CREATE MATERIALIZED VIEW

Applies to: Databricks SQL

A materialized view is a view where precomputed results are available for query and can be updated to reflect changes in the input. Each time a materialized view is refreshed, query results are recalculated to reflect changes in upstream datasets. All materialized views are backed by an ETL pipeline. You can refresh materialized views manually or on a schedule.

To learn more about how to perform a manual refresh, see REFRESH (MATERIALIZED VIEW or STREAMING TABLE).

To learn more about how to schedule a refresh, see Examples or ALTER MATERIALIZED VIEW.

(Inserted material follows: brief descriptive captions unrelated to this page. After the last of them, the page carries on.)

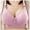 Pink, variant on CALAFEBILA Push up Bra for Women Fashion Strap Bralette Sexy Breathable Adjustable Bralette Spandex Tank Tops Everyday Bra Underwear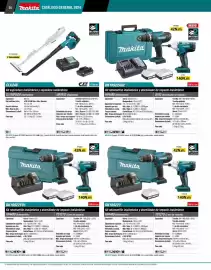 Catálogo Makita Página 26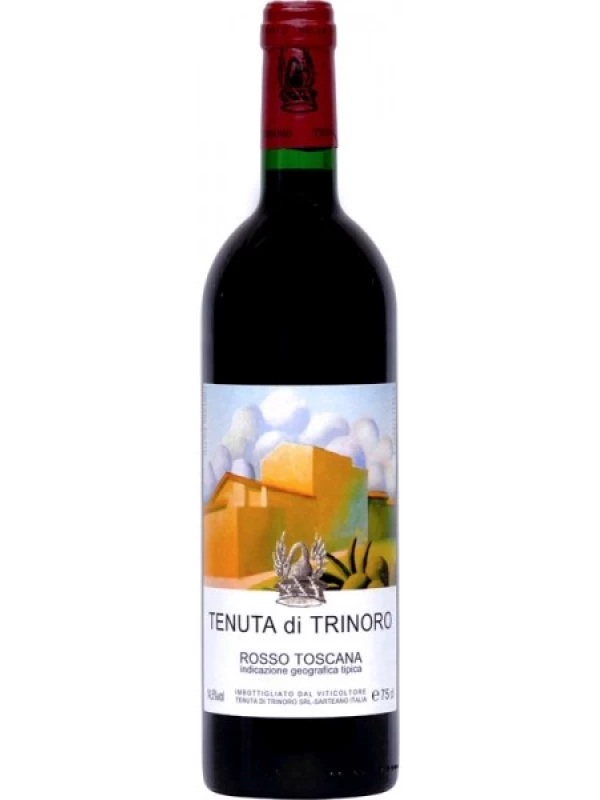 Tenuta di Trinoro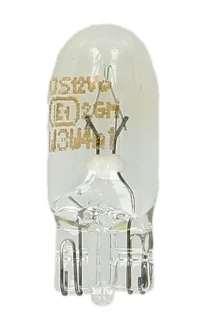 Автолампа Osram Original Line W3W W2,1x9,5d 3 W прозрачная OSRAM 2821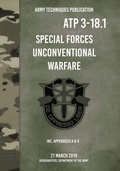 Cover: ATP 3-18.1 Special Forces Unconventional Warfare - Conflict Research Group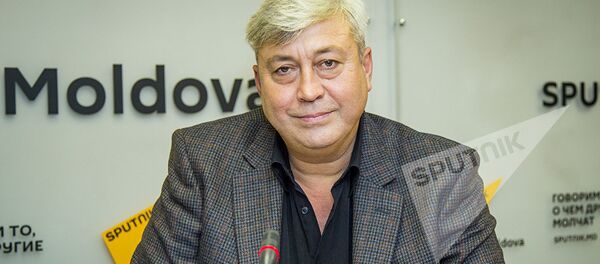 Молдавский онколог Сергей Штепа - Sputnik Узбекистан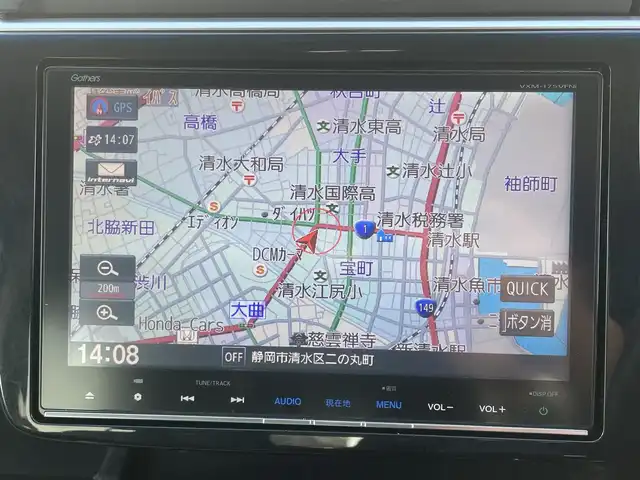 ホンダ ステップワゴン スパーダ クールスピリット 静岡県 2017(平29)年 8.6万km ホワイトオーキッドパール ワンオーナー/ホンダセンシング/・衝突軽減ブレーキ（CMBS）/・踏み間違い衝突軽減システム/・歩行者事故低減ステアリング/・路外逸脱抑制機能/・先行車発進お知らせ機能/・標識認識機能/・渋滞追従機能付アダプティブクルーズコントロール（ACC）/・トラフィックジャムアシスト（渋滞運転支援機能）/・車線維持支援システム（LKAS）/両側パワースライドドア/フリップダウンモニター/純正メモリナビ/・フルセグ/Bluetooth/SD/CD/DVD/バックカメラ/ステアリングリモコン/前席シートヒーター/カーテンエアバック/パドルシフト/2列目サンシェード/2列目シートバックテーブル/ドアバイザー/ＥＴＣ/純正フロアマット/純正１７インチＡＷ/新車時保証書/取扱説明書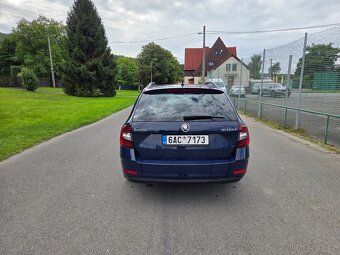 Skoda Octavia 2.0tdi 110kw, manual, bez AD Blue - 5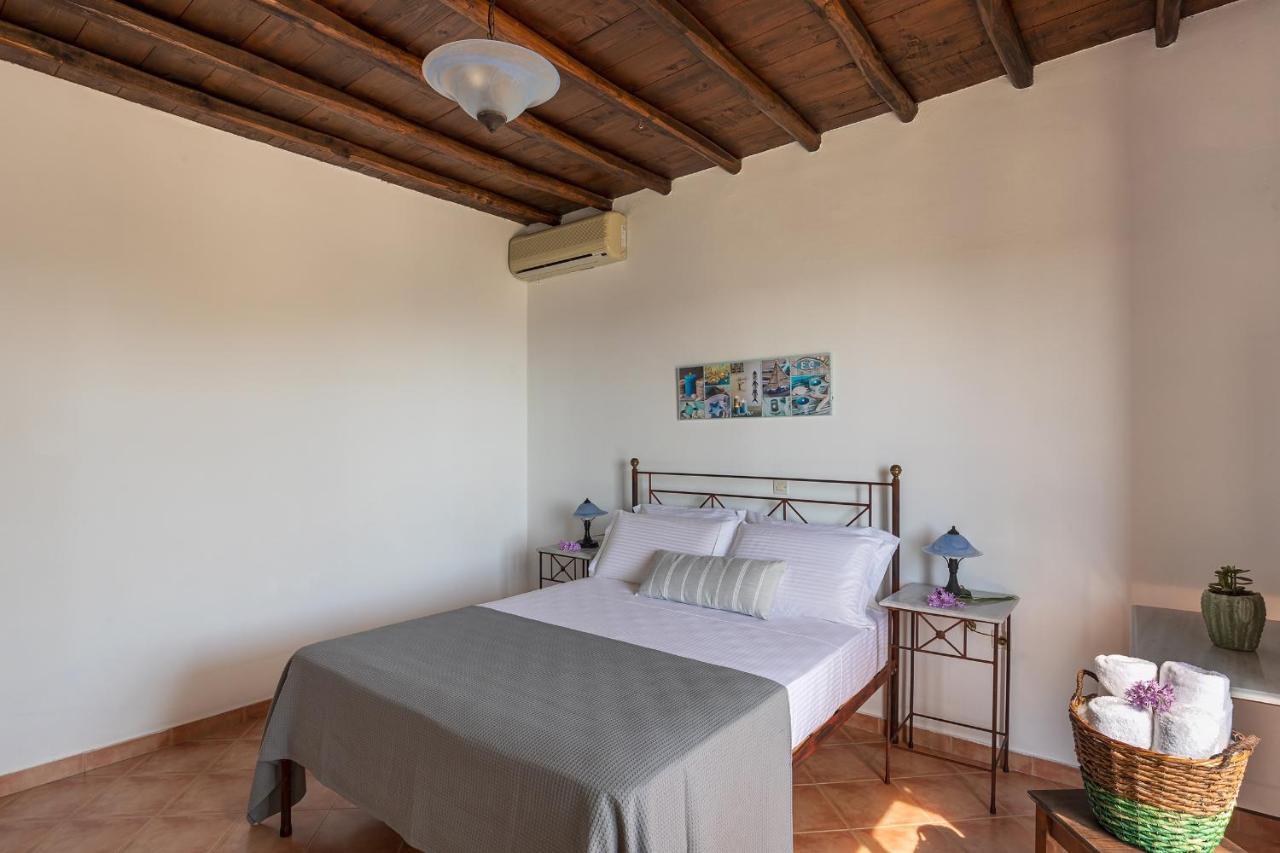 Cochili Rooms & Apartments อาโซลิมโนส ภายนอก รูปภาพ
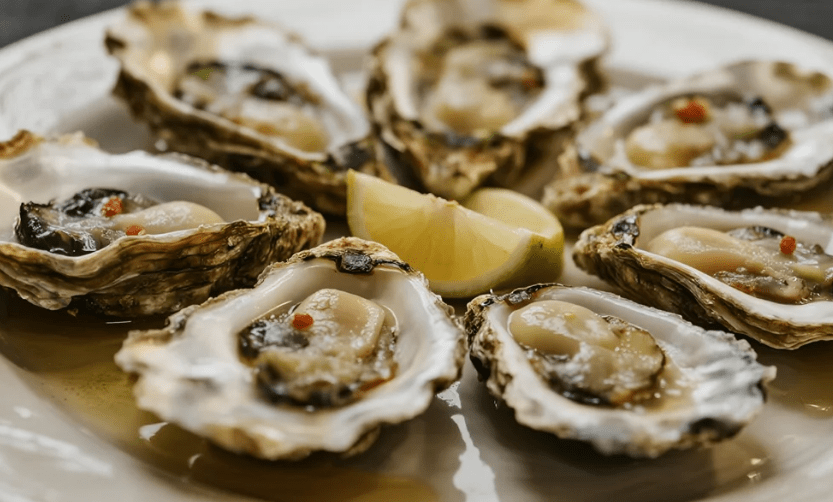 Oysters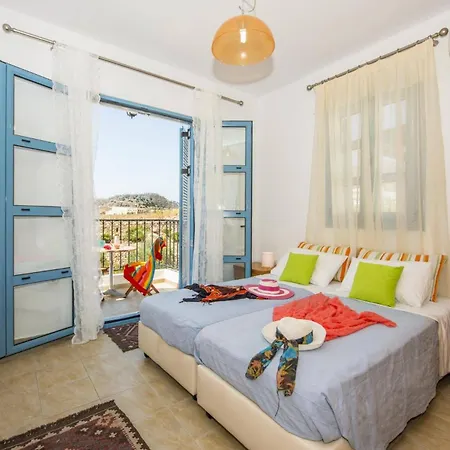 Aqua Blu By Lindos (Rhodes)
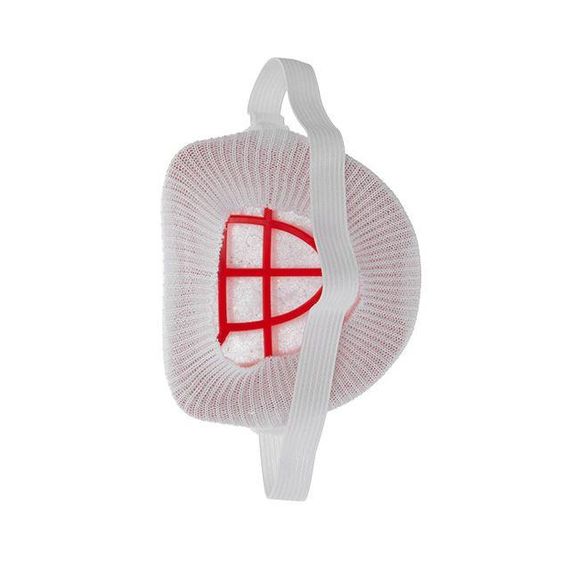 Маска респіратор INTERTOOL SP-0026 | Зображення 2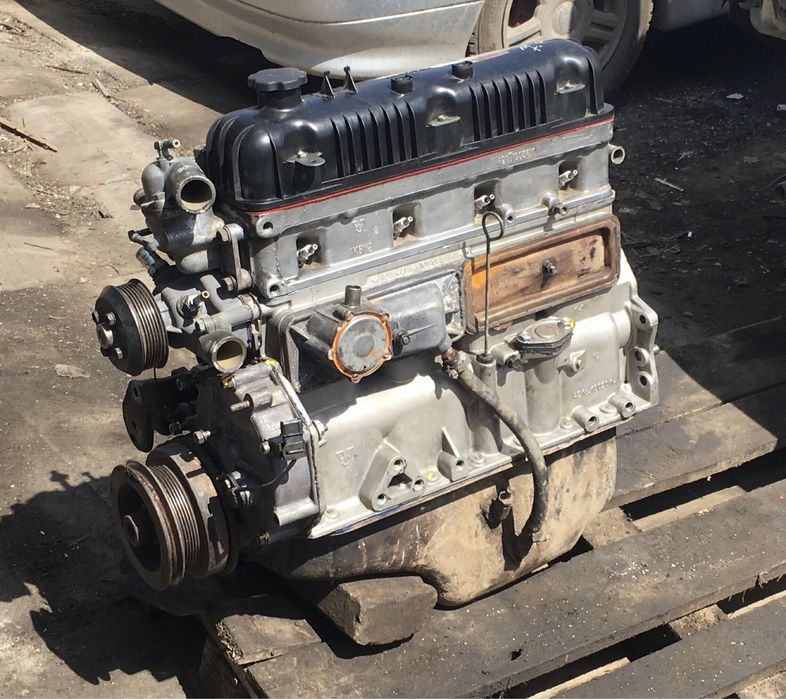 Продам двигатель без навесного Газель сотка  инжектор после капиталки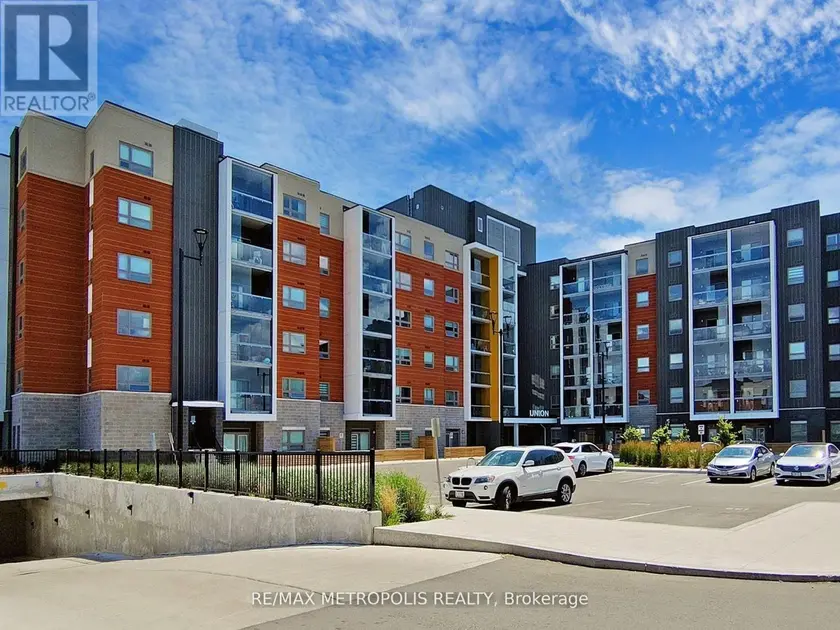 Apartment at 401 - 200 LAGERFELD DRIVE, Brampton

Materialized views can only be created using a Pro or Serverless SQL warehouse, or within a pipeline.

注記

Create and refresh operations on materialized views and streaming tables are powered by serverless Lakeflow Spark Declarative Pipelines. You can use Catalog Explorer to view details about the backing pipelines in the UI. See What is Catalog Explorer?.

Syntax

{ CREATE OR REPLACE MATERIALIZED VIEW | CREATE MATERIALIZED VIEW [ IF NOT EXISTS ] }
  view_name
  [ column_list ]
  [ view_clauses ]
  AS query

column_list
   ( { column_name column_type column_properties } [, ...]
      [ , table_constraint ] [...])

   column_properties
      { NOT NULL | COMMENT column_comment | column_constraint | MASK clause } [ ... ]

view_clauses
  { PARTITIONED BY (col [, ...]) |
    CLUSTER BY clause |
    COMMENT view_comment |
    DEFAULT COLLATION UTF8_BINARY |
    TBLPROPERTIES clause |
    SCHEDULE [ REFRESH ] schedule_clause |
    schedule |
    WITH { ROW FILTER clause } } [...]

schedule
  { SCHEDULE [ REFRESH ] schedule_clause |
    TRIGGER ON UPDATE [ AT MOST EVERY trigger_interval ] }

schedule_clause
  { EVERY number { HOUR | HOURS | DAY | DAYS | WEEK | WEEKS } |
    CRON cron_string [ AT TIME ZONE timezone_id ] }

Parameters

REPLACE

If specified, replaces the view and its content if it already exists.
IF NOT EXISTS

Creates the view if it does not exist. If a view by this name already exists, the CREATE MATERIALIZED VIEW statement is ignored.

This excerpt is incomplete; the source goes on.